Conforme cópia da ata da tentativa de conciliação,
a mim encaminhada na data de ontem via fax, “depois
de longas discussões, não se chegou
a uma conciliação e nem à idéia
de adiar-se para nova data e então tentar-se
novamente”. Cabe anotar aqui que a decisão
proferida no dia 16/12/04, restaurando os efeitos
da liminar deferida pela 3ª Vara desta Subseção,
não foi reconsiderada pela Presidência
do Tribunal.
Surpreendentemente, noticia o site do Ministério
das Minas e Energia, conforme documento juntado
pela ora requerente, que no dia seguinte, 22/12/04,
em reunião realizada com a participação
de representantes do Ministério Público
Federal e Lages, dos Ministérios das Minas
e Energia e do Meio Ambiente, do IBAMA, da BAESA,
do Movimento dos Atingidos por Barragens (MAB),
da EPAGRI, da FATMA e da FEEC, foi fechado um acordo
para a retomada doas obras da usina hidrelétrica
de Barra Grande e a concessão da Licença
de Operação do empreendimento.
Pelo acordo – e aqui transcrevo o trecho noticia
porque fiel às cláusulas do documento
juntado aos autos – “A Baesa, empresa responsável
pela usina, se comprometeu a incluir mais 237 famílias
na lista de atingidos e a investir R$ 6 milhões
no desenvolvimento regional da área vizinha
à obra. O número de famílias
incluídas e o valor do investimento atendem
plenamente às reivindicações
feitas pela MAB. A Baesa também concordou
em doar a madeira retirada da área de supressão
seletiva de vegetação para a construção
de casas populares, desde que não haja comprometimento
no cronograma da usina, nem custos adicionais. Para
implementar este item do acordo, será criado
um grupo de trabalho formado pelos agentes envolvidos.

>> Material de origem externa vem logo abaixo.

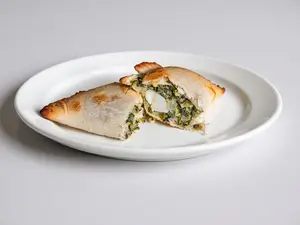Empanada de verduras
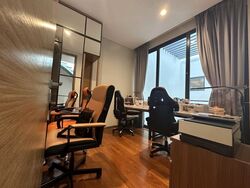 Mandai Garden (D26), Terrace #582972551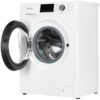 Стиральная машина Monsher MWM 450 Blanc — изображение 8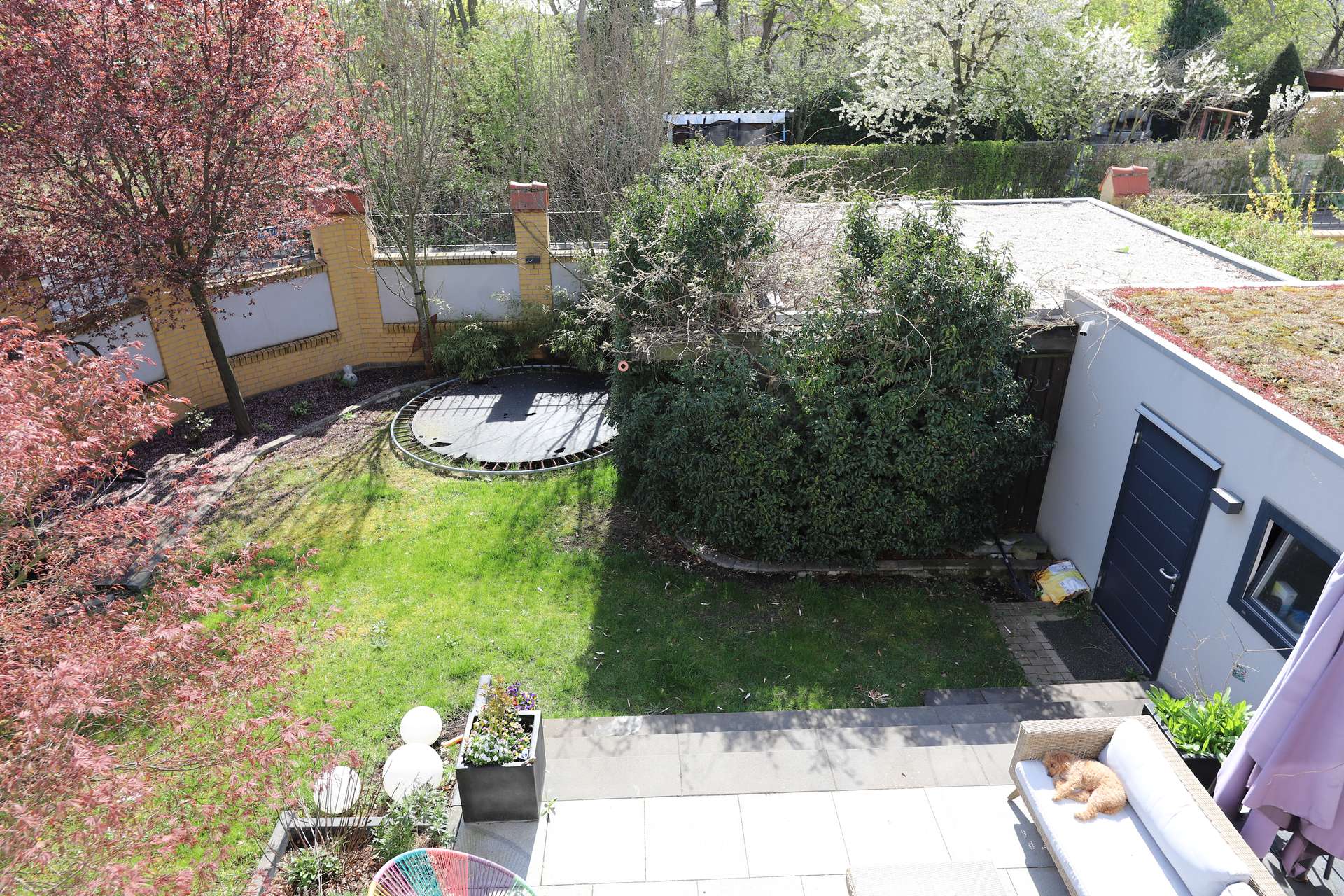 Premium-Wohnen in Leipzig-Gohlis: Exklusives 6-Zimmer-Haus mit moderner Architektur – Leipzig – Vorschaubild 17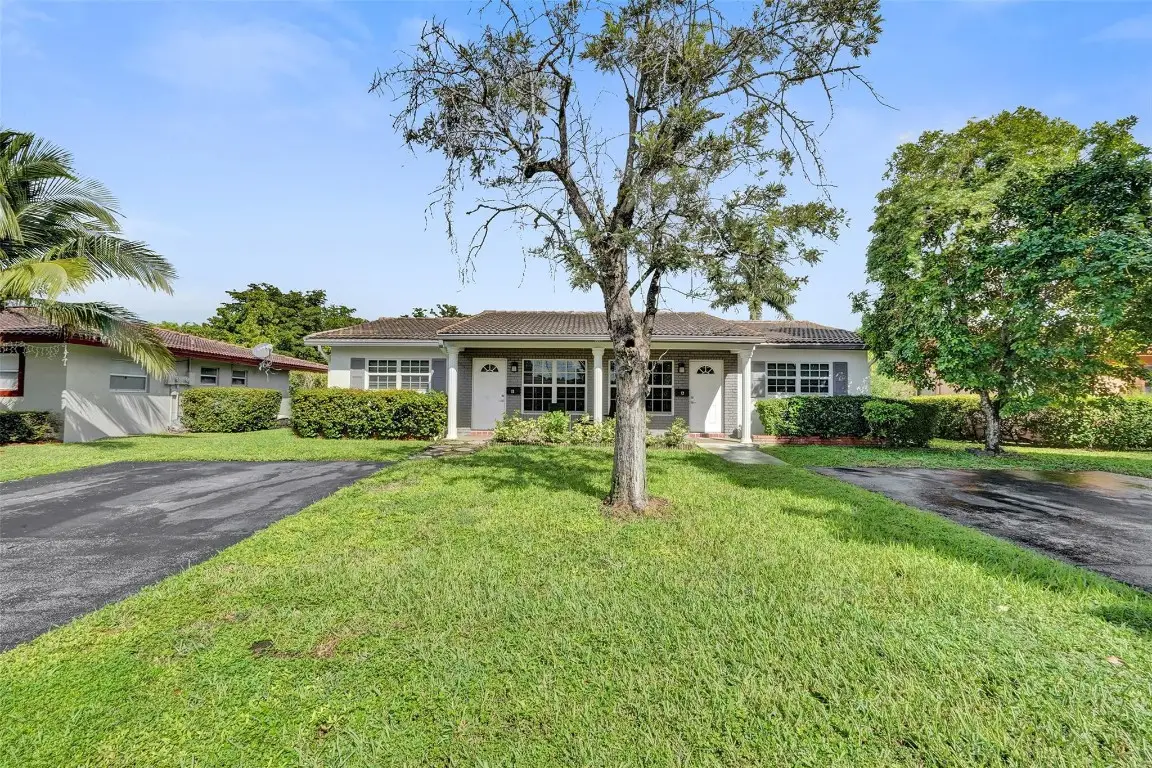 4017 Woodside Drive, Coral Springs, FL 33065 - Image #1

Por meio do programa LUZ PARA TODOS, coordenado
pelo Ministério de Minas e Energia, as 600
famílias atingidas pela UHE Barra Grande
terão acesso à energia elétrica
em 2005. No acordo assinado pelas partes, o MAB
se compromete a não praticar qualquer ato
que impeça o normal andamento das atividades
do empreendimento no canteiro de obras e nas atividades
de campo” (www.mme.gov.br, notícia de 23/12/2004).
À vista do louvável esforço
das partes em compor amigavelmente o litígio,
cabe analisar aqui se o acordo firmado no dia 22/12/2004
contempla, em sua plenitude, os pontos nucleares
em discussão nesta ação, de
modo a se perquirir se ainda subsistente a decisão
proferida pela Presidência do TRF da 4ª
Região em 16/12/2004, restabelecendo os efeitos
da liminar. Observo, inicialmente, que das duas
autoras da Ação Civil Pública,
apenas a FEEC firmou o acordo, já que o nome
da outra autora, a Rede de Organizações
Não-Governamentais da Mata Atlântica,
não figura no respectivo termo. Não
fosse isso, o principal tema em discussão
na ação - as conseqüências
ambientais da obra – não foi incluído
no referido acordo.
Sobre esse ponto, destaco os seguintes trechos da
decisão da Presidência do TRF da 4ª
Região em que restabelecida os efeitos da
liminar: “A decisão que tomei no dia 5-11-04
(...), baseou-se no pedido formulado pela União
(...), no qual se retratava o término da
construção da bagagem e os vultosos
gastos com a sua inatividade, tudo a recomendar
sua imediata utilização. Além
disso, louvei-me em acordo feito para a recomposição
dos danos ambientais, com a presença do Ministério
Público Federal, cujos membros tive e tenho
como exemplares no trato do interesse público.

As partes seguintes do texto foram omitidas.